O TIFF – Toronto International Film Festival – um dos mais importantes festivais de cinema da América do Norte, o qual decorreu em setembro do ano passado, entregou o Prémio do Público a Chloé Zhao. Já o segundo lugar nesta categoria central foi para a adaptação teatral de Regina King.

Segundo lugar também para Tracey Deer, realizadora canadiana que utiliza a sua experiência como membro da tribo indígena Mohawk para criar cinema político e incisivo, como é o caso deste “Beans” (2020). O filme retrata a história real de uma disputa entre duas comunidades Mohawk e as forças governamentais no Quebec dos anos 1990.Destaque também, no TIFF, para a vitória de Michelle Latimer para Melhor Longa-Metragem Canadiana com “Inconvenient Indian”, obra documental que explora a colonização cultural do povo indígena da América do Norte.

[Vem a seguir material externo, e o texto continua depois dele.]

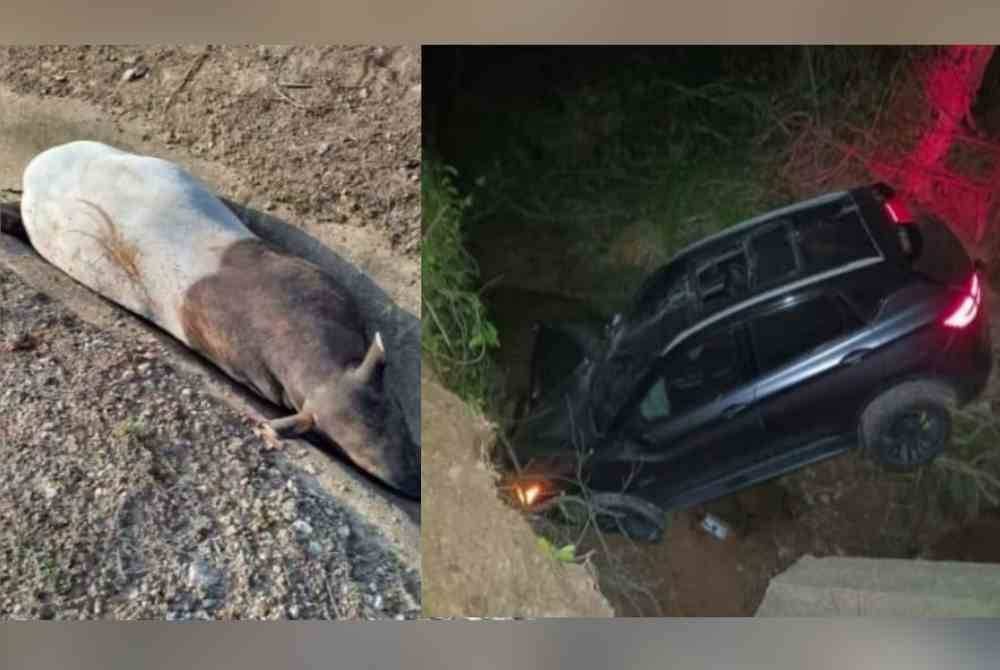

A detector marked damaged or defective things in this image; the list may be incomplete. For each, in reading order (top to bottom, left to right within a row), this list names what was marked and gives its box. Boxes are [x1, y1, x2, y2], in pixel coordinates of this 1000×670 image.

overturned car in ditch [508, 182, 992, 540]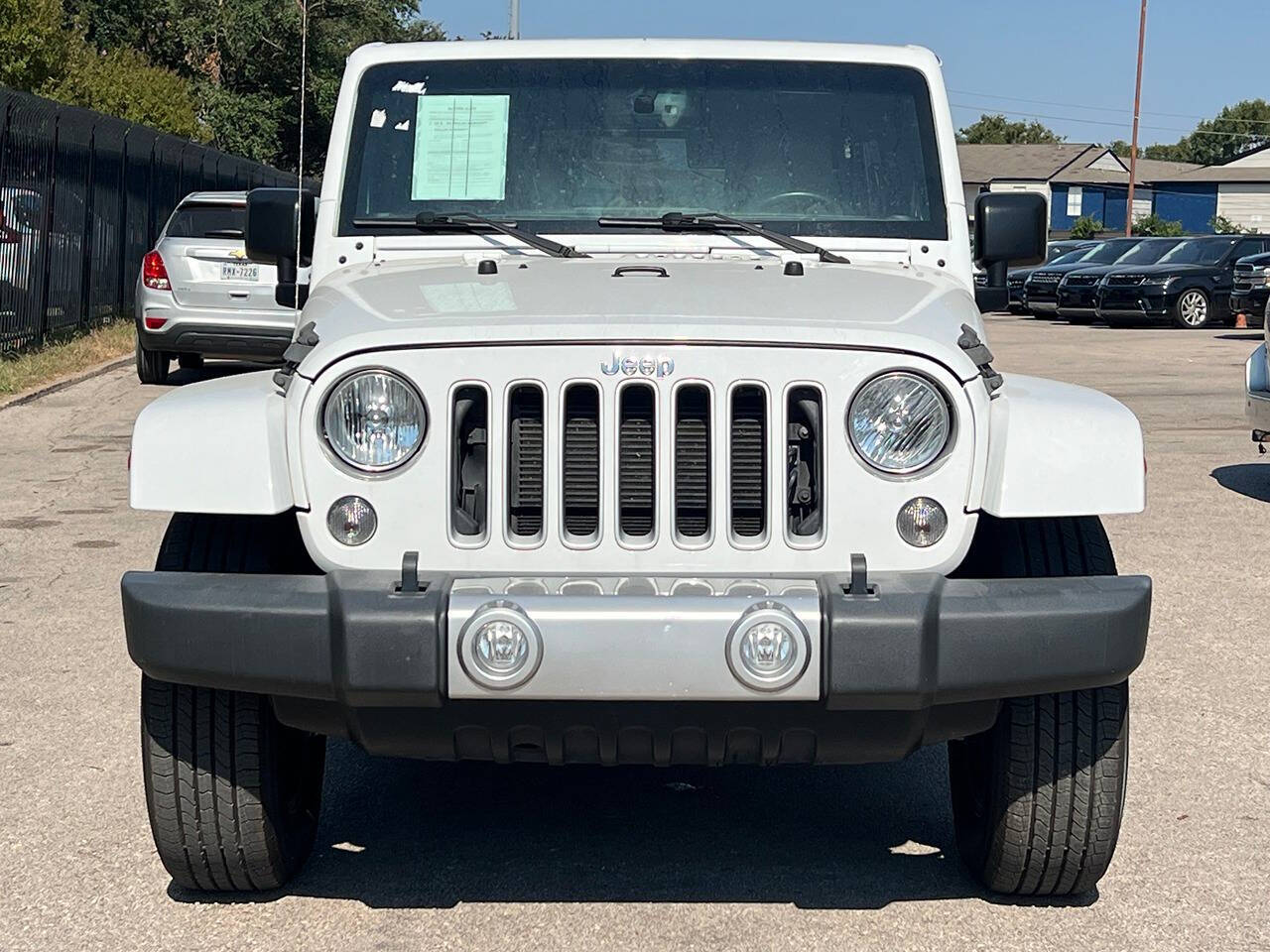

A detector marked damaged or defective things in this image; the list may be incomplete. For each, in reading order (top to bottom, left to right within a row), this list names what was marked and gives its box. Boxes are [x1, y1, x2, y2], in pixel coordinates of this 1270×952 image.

cracked asphalt [0, 317, 1264, 949]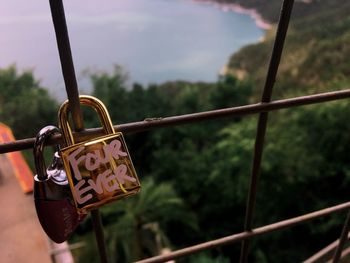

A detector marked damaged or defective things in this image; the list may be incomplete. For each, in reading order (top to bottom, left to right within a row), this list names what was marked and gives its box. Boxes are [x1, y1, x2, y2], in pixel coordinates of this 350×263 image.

rusted metal surface [239, 1, 294, 262]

Os círculos de críticos dos EUA, que se multiplicam às dezenas, são também um barómetro relevante para a evolução da temporada e singularizam algumas das obras mais relevantes do ano. No New York Film Critics Circle Awards, em dezembro, Zhao e Reichhardt foram uma vez mais galardoadas pelo seu trabalho , respetivamente com as distinções de Melhor Realização e Melhor Filme. Eliza Hittman levou Melhor Argumento pelo filme que também realizou “Never Rarely Sometimes Always”, um dos grandes trunfos desta temporada de prémios.

Aproveitamos, por isso, para deixar algumas notas acerca deste trabalho. Uma vez mais, tal como aconteceu com o trabalho de Kelly Reichardt, Hittman não chegou às premiações mais conhecidas. Não obstante, o seu drama tocante acerca de um grupo de adolescentes da Pensilvânia Rural que viaja para Nova Iorque em busca de ajuda médica após uma gravidez não desejada foi uma das obras mais louvadas do ano.

Never
‘Never Rarely Sometimes Always’-70ª Berlinale |©BBC Films

“Never Rarely Sometimes Always” é mais um filme que tristemente ainda não chegou a Portugal. A longa-metragem estreada em Sundance, vencedora do Grande Prémio do Júri na Berlinale e ainda nomeada ao Urso de Ouro, encontra-se indicada a sete Spirit Awards, entre eles Melhor Realização e Argumento para Hittman ou Melhor Fotografia para Hélène Louvart. As duas produtoras do filme encontram-se também nomeadas na categoria principal, neste que é um filme profundamente específico na abordagem da experiência feminina e que promete tornar-se um símbolo no cinema que toca em matérias de igualdade de género.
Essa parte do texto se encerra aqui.